Los Angeles, CA. Nov. 14-16, 2014
Posted by Maria Mangicaro
Jeanne M. Stolzer, Ph.D will be among our ISEPP 2013 conference presenters.
Dr. Stolzer is a professor of child and adolescent development at the University of Nebraska- Kearney. She currently teaches infant, child, and adolescent classes and is an active researcher. Dr. Stolzer has published numerous peer-reviewed articles and has presented her research at the international level. Dr. Stolzer’s research interests include the biocultural implications of attachment parenting, the mass labeling and psychiatric drugging of children and adolescents, Attention Deficit Hyperactivity Disorder, and challenging the existing medical model which seeks to pathologize normal-range human developmental processes.
Summary: According to the American Medical model, mental illness is a result of a chemical imbalance in the brain. Although no scientific evidence exists to support this pseudo-hypothesis, this hypothesis is widely disseminated as fact by the pharmaceutical industry and by the medical community at large. As a direct result of the widespread acceptance of this pseudo-hypothesis, psychiatric drug prescriptions are at an all-time high in the United States of America.
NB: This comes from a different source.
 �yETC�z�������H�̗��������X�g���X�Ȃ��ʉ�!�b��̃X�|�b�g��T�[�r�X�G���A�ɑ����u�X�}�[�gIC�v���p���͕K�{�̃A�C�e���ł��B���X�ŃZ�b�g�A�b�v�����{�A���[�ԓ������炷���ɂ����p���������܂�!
This presentation will directly challenge the “disordered brain” hypothesis and will focus instead on the psychosocial implications of attachment disruption. Grounded in ethological theory, this presentation will focus on anthropological, neurological, biological and cultural correlates as they relate to the ever-increasing psychiatric diagnoses occurring in infant, child, adolescent, and adult populations. Particular attention will be given to data that demonstrates that esoteric mammalian mothering practices are steadily declining in America and what effect this decline has had on overall psychosocial functioning. In addition, breastfeeding, co-sleeping, and staying in close physical proximity to our young during infancy and early childhood will be explored in depth. The goal of this presentation is to offer a theoretically sound alternative to the current medical model and to explore the implications of reclaiming our primordial mammalian heritage.